The granite immediately in contact with the slate, consists of compact felspar, containing particles or crystals of felspar, quartz, and mica, in variable proportions, but the whole generally increasing towards the centre of the mass. So that the granite is changed into a felspar rock or porphyry rock, scarcely ever resembling a well characterised granite; while the slate in contact has received the various names of greywacke, greenstone, clayslate, and killas; but it appears to be a rock sui generis, consisting almost entirely of compact felspar, coloured purple or blue by its intimate union with a dark-coloured micaceous mineral, sometimes seen distinct on the surface of the slate, and from which it appears to derive its lamellar structure. The bases of these two rocks are therefore the same, and at the point of contact it is often difficult to draw a line between them; for the slate passes into white compact felspar by the gradual disappearance of its colouring mineral; and this granite rock, by the more and more additions of felspar, quartz, and mica, reassumes its usual character.
On this view of the subject, it is easy to comprehend why the granite and the slate alternate and mutually pass into each other; and an explanation may also be given of the complicated phenomena of granite veins in slate, when it is assumed that both rocks are not only of contemporaneous origin, but likewise similar in their mineral composition.

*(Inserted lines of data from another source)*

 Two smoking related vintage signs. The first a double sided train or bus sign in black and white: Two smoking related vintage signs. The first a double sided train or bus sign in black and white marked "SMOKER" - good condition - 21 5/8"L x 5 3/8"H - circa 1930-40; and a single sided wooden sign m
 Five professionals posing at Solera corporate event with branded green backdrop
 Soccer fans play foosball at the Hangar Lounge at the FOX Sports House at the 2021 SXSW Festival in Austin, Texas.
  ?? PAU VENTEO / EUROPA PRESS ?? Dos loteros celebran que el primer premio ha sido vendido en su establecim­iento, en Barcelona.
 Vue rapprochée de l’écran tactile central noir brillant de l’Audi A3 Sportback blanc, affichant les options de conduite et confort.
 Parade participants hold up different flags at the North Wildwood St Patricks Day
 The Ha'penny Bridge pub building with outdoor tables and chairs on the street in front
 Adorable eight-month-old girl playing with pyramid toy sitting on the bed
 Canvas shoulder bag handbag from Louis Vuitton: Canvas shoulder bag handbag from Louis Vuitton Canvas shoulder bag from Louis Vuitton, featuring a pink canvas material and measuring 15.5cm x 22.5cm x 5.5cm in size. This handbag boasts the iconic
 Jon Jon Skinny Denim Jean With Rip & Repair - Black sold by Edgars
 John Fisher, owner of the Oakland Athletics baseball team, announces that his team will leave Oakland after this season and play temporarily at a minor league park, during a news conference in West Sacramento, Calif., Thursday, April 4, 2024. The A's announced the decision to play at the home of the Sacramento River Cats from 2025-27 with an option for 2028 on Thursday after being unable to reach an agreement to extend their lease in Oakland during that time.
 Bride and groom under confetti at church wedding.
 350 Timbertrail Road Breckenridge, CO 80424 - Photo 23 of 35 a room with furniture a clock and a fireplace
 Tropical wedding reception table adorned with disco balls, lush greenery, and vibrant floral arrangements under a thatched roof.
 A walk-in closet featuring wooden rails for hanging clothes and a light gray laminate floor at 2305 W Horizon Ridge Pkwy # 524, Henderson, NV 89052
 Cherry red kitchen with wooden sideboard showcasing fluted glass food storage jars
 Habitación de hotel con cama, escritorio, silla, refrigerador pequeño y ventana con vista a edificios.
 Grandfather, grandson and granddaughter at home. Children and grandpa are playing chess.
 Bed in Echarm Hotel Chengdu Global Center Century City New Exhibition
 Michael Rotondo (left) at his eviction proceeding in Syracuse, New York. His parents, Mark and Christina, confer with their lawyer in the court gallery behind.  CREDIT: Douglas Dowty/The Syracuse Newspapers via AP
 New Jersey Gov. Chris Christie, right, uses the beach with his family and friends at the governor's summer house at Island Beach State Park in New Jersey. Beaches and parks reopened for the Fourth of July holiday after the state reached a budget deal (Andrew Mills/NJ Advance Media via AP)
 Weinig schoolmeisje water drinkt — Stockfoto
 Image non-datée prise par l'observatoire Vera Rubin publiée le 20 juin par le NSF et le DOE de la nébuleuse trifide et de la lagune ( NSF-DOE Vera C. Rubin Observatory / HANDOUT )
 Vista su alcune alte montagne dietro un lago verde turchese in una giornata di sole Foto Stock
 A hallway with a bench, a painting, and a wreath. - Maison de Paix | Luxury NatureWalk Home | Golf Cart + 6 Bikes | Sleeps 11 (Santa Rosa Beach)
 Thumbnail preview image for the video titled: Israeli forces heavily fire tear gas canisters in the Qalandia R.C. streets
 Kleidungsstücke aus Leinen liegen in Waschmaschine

Between this mining district and a line drawn east and west across the parish, a little north of the church town, the land is in most places very good; but north of this line, at the extremity of the parish, where it abuts on the sea, the ground is almost entirely uncultivated, affording nothing more than a slight pasturage for sheep. At Godrevy Point there is laid open an interesting section of diluvial deposits: one of the beds, composed of shelly sand and pebbles, is consolidated with sandstone and conglomerate.